# 0 - setup
In this guide, we will implement a simple “Hello World” style NKI kernel and run it on a NeuronDevice (Trainium/Inferentia2 or beyond device). We will showcase how to invoke a NKI kernel standalone through NKI baremetal mode and also through ML frameworks (PyTorch). Before diving into kernel implementation, let’s make sure you have the correct environment setup for running NKI kernels.

## Environment Setup
You need a [Trn1](https://aws.amazon.com/ec2/instance-types/trn1/) or [Inf2](https://aws.amazon.com/ec2/instance-types/inf2/) instance set up on AWS to run NKI kernels on a NeuronDevice. Once logged into the instance, follow steps below to ensure you have all the required packages installed in your Python environment.

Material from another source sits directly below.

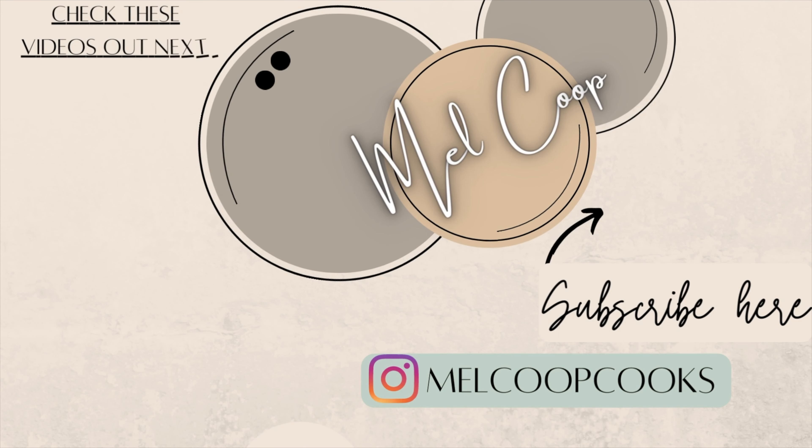Thank you so much for sticking this video out this week — leave me a flower below if you made it to the end. If you enjoyed this video please give it a thumbs up and let me know what you thought below. I will see you back here on Wednesday, I promise I will have a video up. Hope you guys have a great rest of your weekend, bye!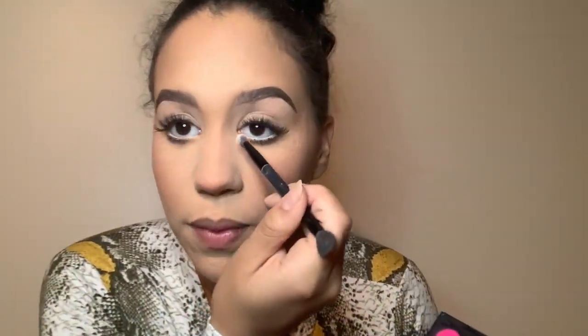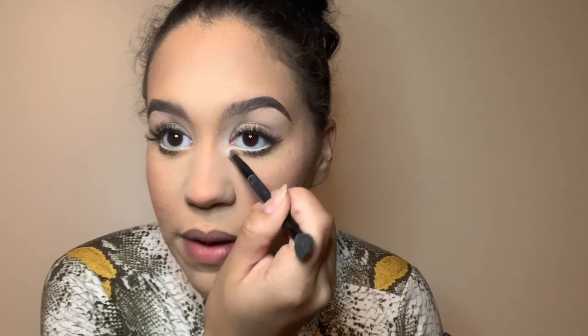Our face is all good to go. Now for our eyes, I'm going to add some white eyeshadow using the Morphe palette. I take the big white eyeshadow, pick it up with a brush, and put it in the inner corners of my eyes. I feel like it really brightens your eyes.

NKI is shipped as part of the Neuron compiler package. To make sure you have the latest compiler package, see [Setup Guide](https://awsdocs-neuron.readthedocs-hosted.com/en/latest/general/setup/index.html) for an installation guide.

You can verify that NKI is available in your compiler installation by running the following command:

In [1]:
import neuronxcc.nki

This attempts to import the NKI package. It will error out if NKI is not included in your Neuron compiler version or if the Neuron compiler is not installed. The import might take about a minute the first time you run it. Whenever possible, we recommend using local instance NVMe volumes instead of EBS for executable code.

If you intend to run NKI kernels without any ML framework for quick prototyping, you will also need NumPy installed.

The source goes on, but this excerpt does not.